Integrating $f(x) = \frac{1}{x}$ over $[-1,1]$

Question

I am reading a book where it says that improper integral $$\int_{-1}^{1}\frac{1}{x}\,dx$$ is undefined because $$\lim_{b \to 0^-}\int_{-1}^{b}\frac{1}{x}\,dx + \lim_{b \to 0^+}\int_{b}^{1}\frac{1}{x}\,dx$$ are unbounded.

I wonder, is it just a deficiency of definition of improper integral or is it universally accepted among mathematicians that $\int_{-1}^{1}\frac{1}{x}\,dx$ is undefined?
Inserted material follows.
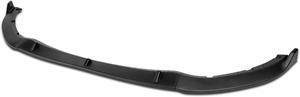 For 2016 to 2021 Mazda MX-5 Miata 3Pcs Matte Black Finish MP Style Car Front Bumper Lips Guard Body Kit 17 18 19 20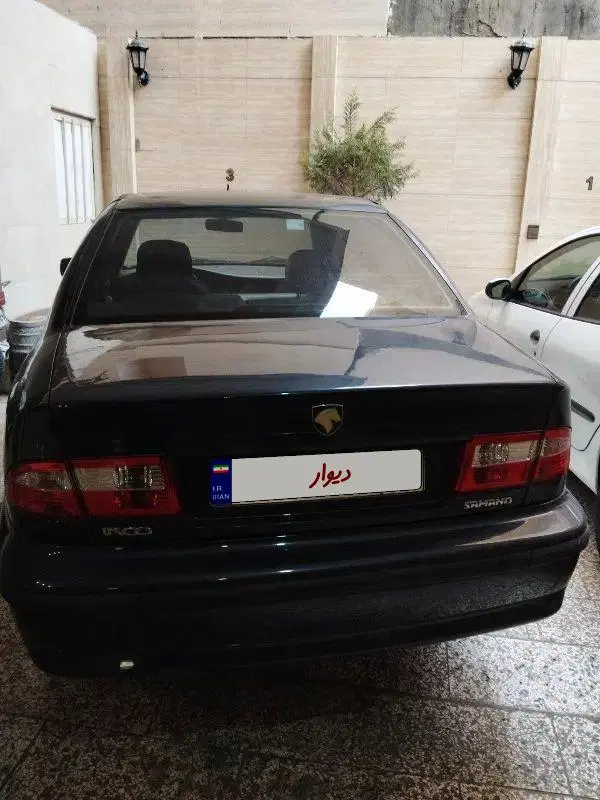 سمند مدل ۹۴ lx|خودرو سواری و وانت|مشهد, جانباز|دیوار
Function is odd, so in my opinion it is intuitively clear that this integral should be equal to $0$. Are there other definitions of integral that assign value of $0$ to this expression?

Answer 1

In fact, behind your question, there is a very interesting mathematical "character" which is

$$PV \left( \frac{1}{x} \right).$$

We could avoid it, remaining with classical analysis tools as in this question whose interest is to introduce the concept of (Cauchy) Principal Value (abbreviated as "PV").

The rigorous way to attack this issue is to define it as a "distribution" in the framework of... "distribution theory", through its action on a generic "test function" $\varphi$ :

$$PV \left( \frac{1}{x} \right)(\varphi) := \lim_{\varepsilon\to 0} \int_{|x|>\varepsilon} \left( \frac{1}{x} \varphi(x) \right) dx $$

Please note

• the "shrinking hole" $(-\varepsilon,\varepsilon)$

• the fact that integral bounds are $(-\infty,\infty)$ (not limited to $[-1,1]$). See (https://en.wikipedia.org/wiki/Cauchy_principal_value).

There are different ways to handle "$PV \left( \frac{1}{x} \right)$" :

• as the limit when $\varepsilon \to 0$ of odd functions defined by : $$f_{\varepsilon}(x):=\frac{x}{\varepsilon^2+x^2},$$

an astute way to overcome singularity $x=0$ !

In particular $\int_{[-a,a]}f_{\varepsilon}(x)dx=0$, whatever $a>0$...

• as the derivative of the even function $\log|x|$ (this one having the two "passports" : "ordinary function" and "regular distribution") (Derivative of ln|x| is the principal value of 1/x. Distribution Theory.).

• through its Fourier Transform,

  $$\widehat{PV \left( \frac{1}{x} \right)} = -i\pi\,\text{sign} (\xi)$$

(Fourier transform of the distribution PV $\left( \frac{1}{x} \right)$)...

Remark : Distribution PV $\left( \frac{1}{x}\right)$ behaves, apart from properties due to singularity $0$, as ordinary function $1/x$. Thus we can await a differentiation formula generalizing $(1/x)'=-1/x^2$. Here it is :

$$\left(PV \left( \frac{1}{x} \right)\right)' = -FP \left( \frac{1}{x^2} \right)$$

(Derivative of principal value distribution $1/x$ is equal to finite part distribution $-1/x^2$?) where FP is for "Finite Part", which is another distribution. The concept of "finite part", introduced by Hadamard in classical analysis around 1900, is different from the "Principal Value" concept. See for that (https://www.ntu.edu.sg/home/mwtang/hypersie.pdf).

Nevertheless, one must be very cautious for some operations such as this one :

$$\begin{cases}(\delta \times x) \times PV(\frac1x)&=&0& \text{whereas}\\\delta \times (x \times PV(\frac1x))&=&\delta&\end{cases}$$

due to the fact that the product of distributions isn't associative as recalled here.